Predictor raises NullPointerException when we have rules with one-var head. Well, I guess it was never used/required before...

https://github.com/lajus/amie/blob/b0f84cc052089bdcc991881886a0e9c80b83e0bc/rules/src/main/java/amie/rules/eval/Predictor.java#L232-L235

Also, Predictor has the same problem as in RuleHitsEvaluator (related to Int2ObjectMap<Int2IntMap> vs Int2ObjectMap<IntSet>), and described before (#8 (comment)).

Fifth issue

Predictor and Evaluator should unmap the triples during output. E.g., at:

https://github.com/lajus/amie/blob/b0f84cc052089bdcc991881886a0e9c80b83e0bc/rules/src/main/java/amie/rules/eval/Evaluator.java#L154

The problem is, e.g., that Predictor generates the input for Evaluator, which will call

https://github.com/lajus/amie/blob/b0f84cc052089bdcc991881886a0e9c80b83e0bc/rules/src/main/java/amie/rules/eval/Evaluator.java#L147-L149

and then we end up with a mapping of a mapping.
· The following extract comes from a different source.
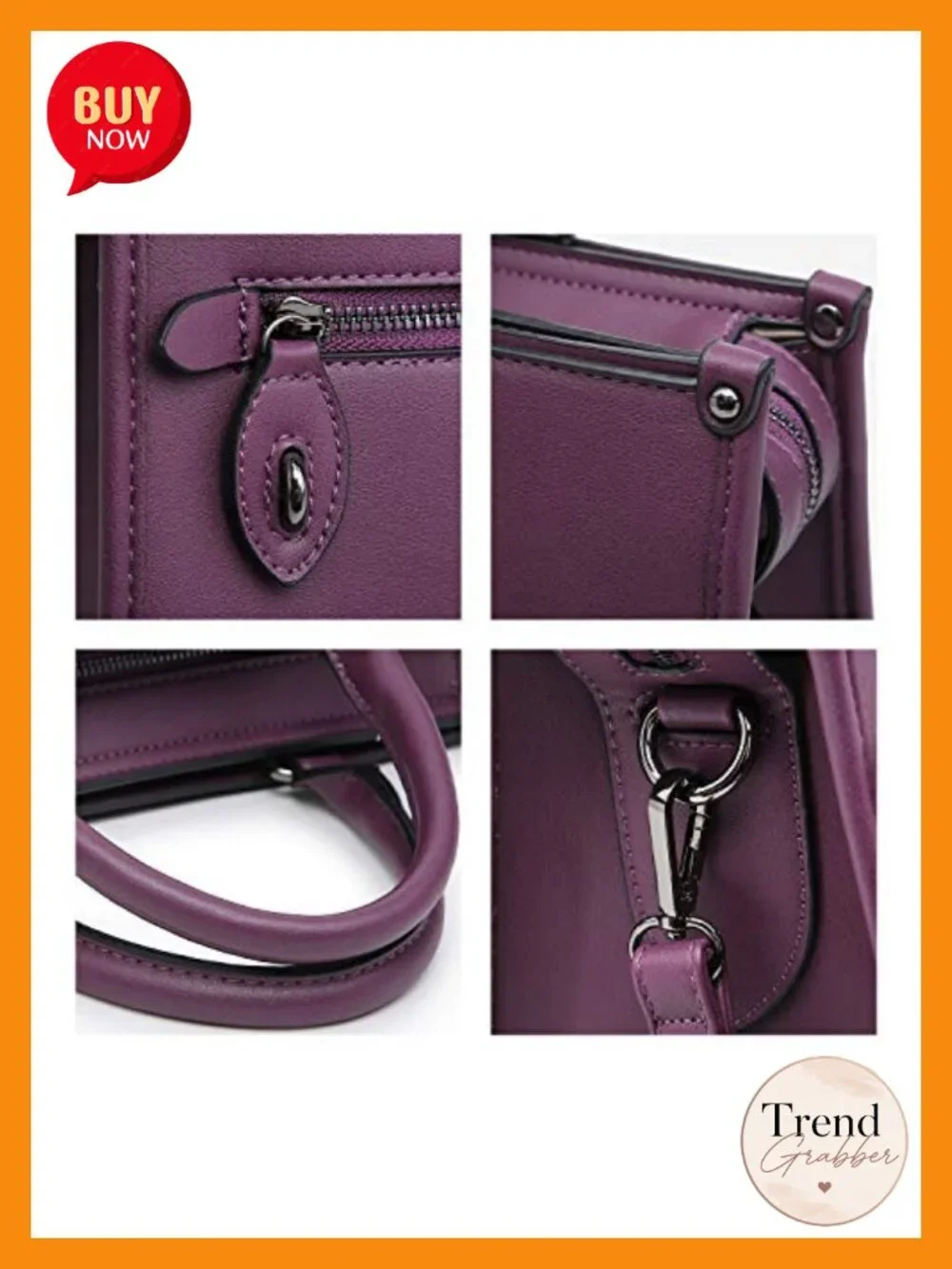 Vegan Leather Satchel Tote with Matching Wallet, Top Handle & Shoulder Strap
I agree with these bug fixes. Issues 4 and 5 appeared because AMIE3 has not been evaluated in terms of prediction quality. Issue 3 seems like an old bug that survived because we always evaluated the predictions of rules with two variables in the head. @falcaopetri thank you very much for these bug reports.

private static final String VariableRegex = Pattern.quote(Character.toString(VariableSign)) 
-                + "(_)?([a-z])([0-9])?([0-9])?";
+                + "(_)?([a-z])([0-9])?([0-9])?([0-9])?([0-9])?";

For Issue 2 I wonder if it is worth being more general when matching variable names:

private static final String VariableRegex = Pattern.quote(Character.toString(VariableSign)) 
+                + "(_)?([a-z])([0-9])*";

What do you think @lajus ?

Hi,

It is not so much about AMIE3 being evaluated or not in terms of rule quality, it is more that I did not put the effort on making all the satellite scripts compatible with the new data structures.

The migration to fastutils is not backward compatible and I focused exclusively on making AMIE works with it. As such, all the other scripts should be considered as untested.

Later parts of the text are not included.